I try to be kind in my reviews. But I also strive for complete honesty. This review goes more in the direction of the latter. I’m sure the author whose work I am about to criticize is a wonderful person with many redeeming qualities. Unfortunately, writing a good book does not appear to be one of them, if my experience here is any indication.
I was not able to finish This Broken World, by Charles E. Gannon. In fact, it was a willful slog just to get through the first few chapters. And I have previously managed to finish the piss-poor likes of The Written, Sweet Blood of Mine, Southern Magic, Dead Things, Hero in a Halfling, and The Rest of Us Just Live Here. Among others. So why not This Broken World?
Because, in a word, it was just too… dang… BOOORIIING!
“But-but!” I can already hear someone saying, “It has a clever hero! A mysterious, stunning beauty! A veil of shadows and secrets where friends may not actually be friends but traitorous enemies! It has the horrific murder of the hero’s mother, and even worse to his father! It has a cunning raid by dangerous enemies which only the hero has the power to thwart! It has his entire journey through life!”
Perhaps.
But you know what this book doesn’t have? A proper hook! Anywhere!
I’ve heard that it’s been said by Brandon Sanderson – who is not only a successful author, but absolutely, hands-down, inarguably a Master of Storytelling – that the first chapter an author writes needs to be cut off from a book’s beginning. There’s too much explaining, too little happening, that sort of thing. Get to the action of the story, the motivation, the hook.
And once you’ve done that, I add, you need to keep them hooked. The language needs to be poetic and personal, descriptive but not long-winded. When a conflict happens, we need to experience that moment firsthand. We need to have some sort of personal stake in the character’s well-being in order to be invested in the outcome. Even if we know, on some level, that everything will be all right, we still need to have that tension and sense of fear on behalf of them and their cause.
This novel does nothing at all like that.
Now, I have no problem with it starting out a little slow. It’s not the best move, but if there is a lot of ground to establish, then I can allow it to be established.
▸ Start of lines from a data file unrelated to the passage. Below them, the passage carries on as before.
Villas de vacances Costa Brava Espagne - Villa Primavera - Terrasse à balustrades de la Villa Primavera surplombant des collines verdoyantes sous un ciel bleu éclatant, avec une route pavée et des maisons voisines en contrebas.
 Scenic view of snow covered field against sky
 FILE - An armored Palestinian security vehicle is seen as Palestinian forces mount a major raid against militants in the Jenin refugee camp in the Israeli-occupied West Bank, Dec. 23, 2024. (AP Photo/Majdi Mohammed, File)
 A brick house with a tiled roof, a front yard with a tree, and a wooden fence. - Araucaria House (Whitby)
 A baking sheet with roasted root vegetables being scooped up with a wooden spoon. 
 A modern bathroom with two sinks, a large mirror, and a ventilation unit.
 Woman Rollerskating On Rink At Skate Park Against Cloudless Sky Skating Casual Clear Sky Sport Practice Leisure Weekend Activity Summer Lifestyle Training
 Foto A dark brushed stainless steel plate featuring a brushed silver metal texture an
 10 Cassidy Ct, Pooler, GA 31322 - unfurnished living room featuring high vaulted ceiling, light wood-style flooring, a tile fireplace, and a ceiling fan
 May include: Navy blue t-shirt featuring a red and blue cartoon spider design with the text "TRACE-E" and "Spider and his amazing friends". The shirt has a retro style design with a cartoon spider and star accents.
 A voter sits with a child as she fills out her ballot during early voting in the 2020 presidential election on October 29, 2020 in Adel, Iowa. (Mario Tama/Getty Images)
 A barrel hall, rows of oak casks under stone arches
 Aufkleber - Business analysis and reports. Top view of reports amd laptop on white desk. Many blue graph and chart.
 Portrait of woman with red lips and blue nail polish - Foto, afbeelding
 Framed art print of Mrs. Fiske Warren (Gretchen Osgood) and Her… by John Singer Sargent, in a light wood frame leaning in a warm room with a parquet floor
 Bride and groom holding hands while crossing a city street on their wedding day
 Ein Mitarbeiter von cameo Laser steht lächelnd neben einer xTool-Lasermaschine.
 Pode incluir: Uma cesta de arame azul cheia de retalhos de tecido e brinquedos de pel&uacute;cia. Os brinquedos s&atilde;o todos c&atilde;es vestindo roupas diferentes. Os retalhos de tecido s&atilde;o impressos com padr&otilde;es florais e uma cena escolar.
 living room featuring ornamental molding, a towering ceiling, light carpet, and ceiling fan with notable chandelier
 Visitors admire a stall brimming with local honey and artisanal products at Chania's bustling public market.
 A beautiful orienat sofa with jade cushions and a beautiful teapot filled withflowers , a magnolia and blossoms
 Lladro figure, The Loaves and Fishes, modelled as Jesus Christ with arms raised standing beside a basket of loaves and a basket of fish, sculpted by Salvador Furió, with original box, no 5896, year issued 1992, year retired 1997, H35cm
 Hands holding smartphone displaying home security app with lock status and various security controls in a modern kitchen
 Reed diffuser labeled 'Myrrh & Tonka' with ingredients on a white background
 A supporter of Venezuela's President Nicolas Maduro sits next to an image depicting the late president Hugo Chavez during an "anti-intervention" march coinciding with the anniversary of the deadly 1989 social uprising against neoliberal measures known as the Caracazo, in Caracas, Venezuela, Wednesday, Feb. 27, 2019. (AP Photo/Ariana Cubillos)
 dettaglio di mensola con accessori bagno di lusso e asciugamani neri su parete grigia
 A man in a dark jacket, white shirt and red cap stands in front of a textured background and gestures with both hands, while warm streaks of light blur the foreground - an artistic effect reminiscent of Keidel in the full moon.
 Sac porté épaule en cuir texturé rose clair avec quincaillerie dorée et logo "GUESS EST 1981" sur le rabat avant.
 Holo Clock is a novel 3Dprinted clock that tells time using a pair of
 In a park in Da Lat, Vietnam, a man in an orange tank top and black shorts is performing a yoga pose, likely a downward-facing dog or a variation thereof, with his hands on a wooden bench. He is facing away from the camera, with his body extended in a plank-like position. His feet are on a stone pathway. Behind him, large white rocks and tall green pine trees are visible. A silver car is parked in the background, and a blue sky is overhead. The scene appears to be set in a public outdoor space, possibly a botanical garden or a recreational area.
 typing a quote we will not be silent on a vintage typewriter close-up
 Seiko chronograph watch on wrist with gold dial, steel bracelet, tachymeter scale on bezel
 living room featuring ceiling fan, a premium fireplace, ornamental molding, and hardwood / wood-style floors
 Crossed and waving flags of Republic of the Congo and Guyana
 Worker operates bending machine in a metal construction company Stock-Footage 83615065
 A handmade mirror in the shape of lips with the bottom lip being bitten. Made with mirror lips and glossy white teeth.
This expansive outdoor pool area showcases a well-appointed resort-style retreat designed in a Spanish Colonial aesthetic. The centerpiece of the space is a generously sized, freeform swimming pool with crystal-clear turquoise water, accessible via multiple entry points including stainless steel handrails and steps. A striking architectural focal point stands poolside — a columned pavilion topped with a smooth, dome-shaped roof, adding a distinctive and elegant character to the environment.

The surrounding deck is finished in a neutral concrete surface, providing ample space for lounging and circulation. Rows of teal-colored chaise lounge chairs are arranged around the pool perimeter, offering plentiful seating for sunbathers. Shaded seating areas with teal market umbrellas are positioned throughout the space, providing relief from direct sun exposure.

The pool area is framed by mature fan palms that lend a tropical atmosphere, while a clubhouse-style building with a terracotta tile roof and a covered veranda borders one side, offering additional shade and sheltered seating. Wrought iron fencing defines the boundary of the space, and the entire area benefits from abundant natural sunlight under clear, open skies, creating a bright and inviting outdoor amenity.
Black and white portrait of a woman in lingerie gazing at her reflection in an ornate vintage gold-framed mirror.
But then we completely skip over the first initial conflict, and the tragedy of a boy losing his parents. It’s a shock and a mystery… for about one chapter. We skip several years between chapters only to flash back to that night, and that horrible tragedy. I mean… why? Just… why bother with that rigmarole if it was just going to be done and over that fast?
When Luke Skywalker raced home to find his family killed, the movie did not skip over that scene and then come back to it five minutes later.
And the explanation of why the boy was enabled to remember a memory that was deliberately hidden from him involved complex circumstances involving some sort of ritual to enter into a divinity’s service, absolutely none of which was explained and nothing of which we really cared about, because, having skipped over several years, the narrative skipped over everything important about this ritual.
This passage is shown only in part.